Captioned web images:

┄┄┄┄┄┄┄┄┄┄┄┄┄┄┄┄┄┄┄┄

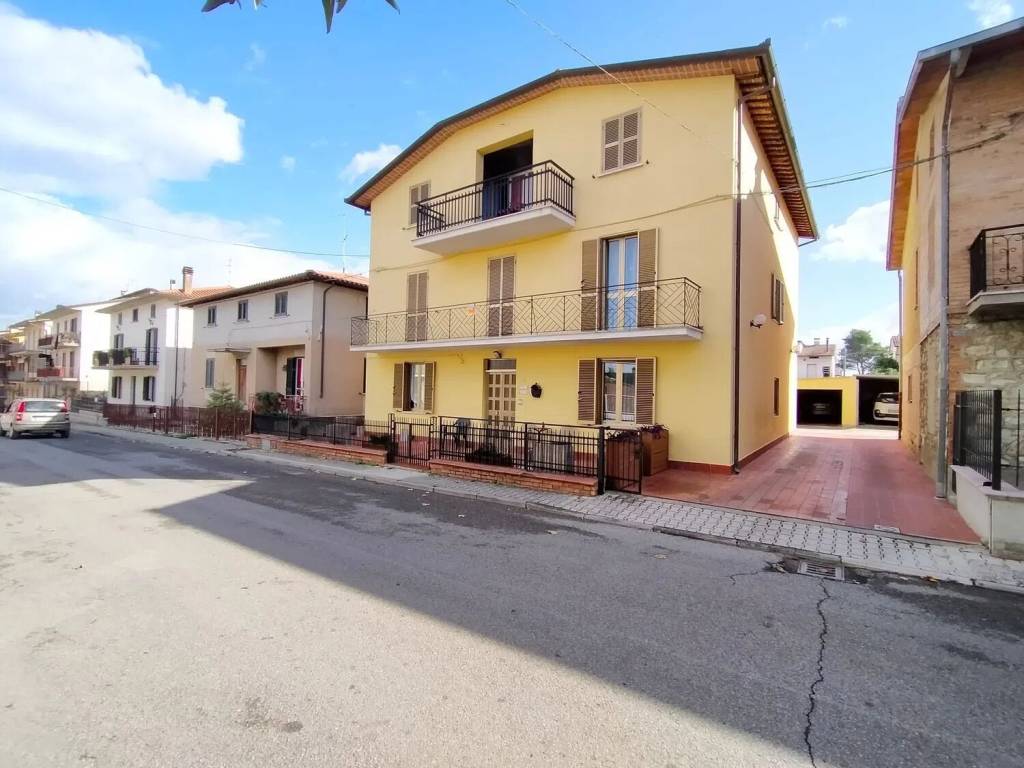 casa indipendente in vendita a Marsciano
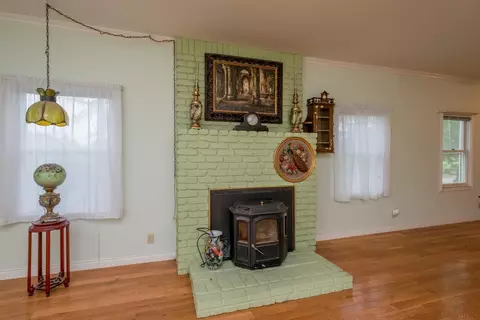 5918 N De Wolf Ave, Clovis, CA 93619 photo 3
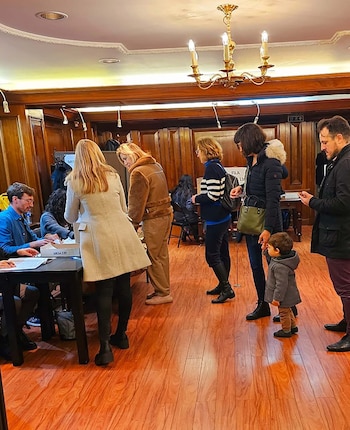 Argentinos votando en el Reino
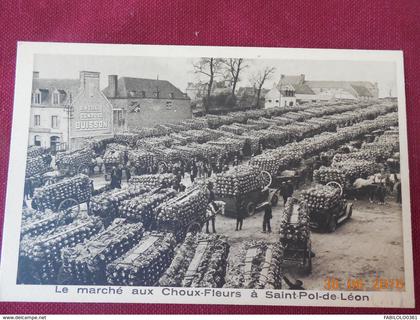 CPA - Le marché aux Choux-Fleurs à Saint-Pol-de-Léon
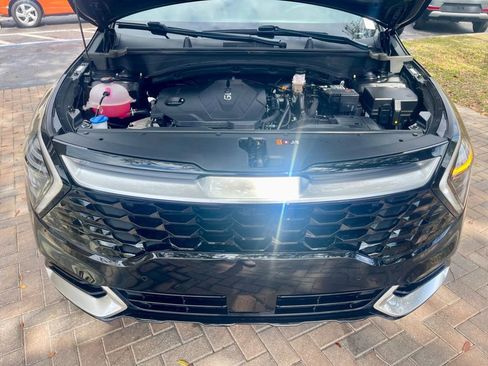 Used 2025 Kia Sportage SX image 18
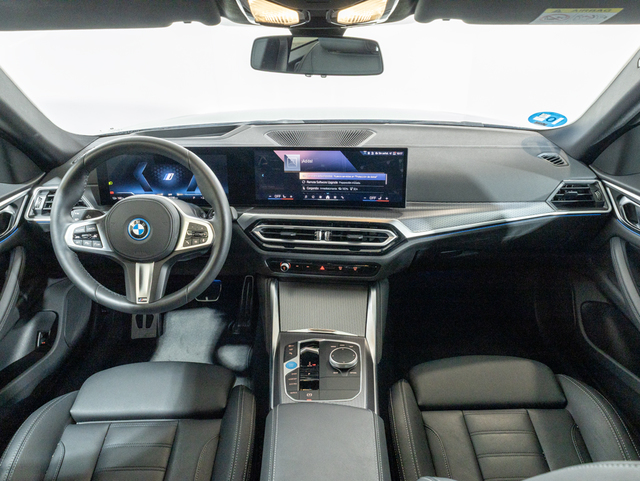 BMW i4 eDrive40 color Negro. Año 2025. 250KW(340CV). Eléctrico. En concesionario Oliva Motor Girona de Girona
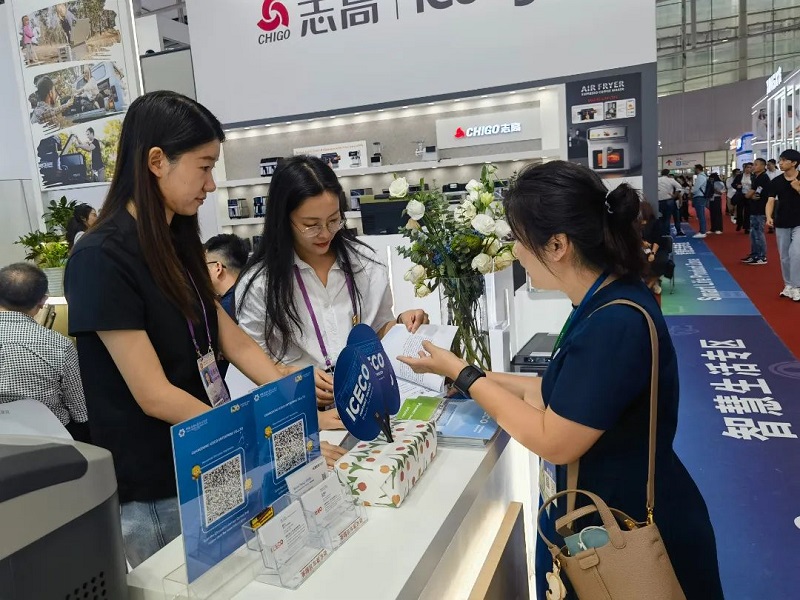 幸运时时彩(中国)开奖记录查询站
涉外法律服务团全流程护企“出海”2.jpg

┄┄┄┄┄┄┄┄┄┄┄┄┄┄┄┄┄┄┄┄

Description of the task: The reply should reproduce every entry above word for word and contain no pictures.

Completed exercise:
 casa indipendente in vendita a Marsciano
 5918 N De Wolf Ave, Clovis, CA 93619 photo 3
 Argentinos votando en el Reino
 CPA - Le marché aux Choux-Fleurs à Saint-Pol-de-Léon
 Used 2025 Kia Sportage SX image 18
 BMW i4 eDrive40 color Negro. Año 2025. 250KW(340CV). Eléctrico. En concesionario Oliva Motor Girona de Girona
 幸运时时彩(中国)开奖记录查询站
涉外法律服务团全流程护企“出海”2.jpg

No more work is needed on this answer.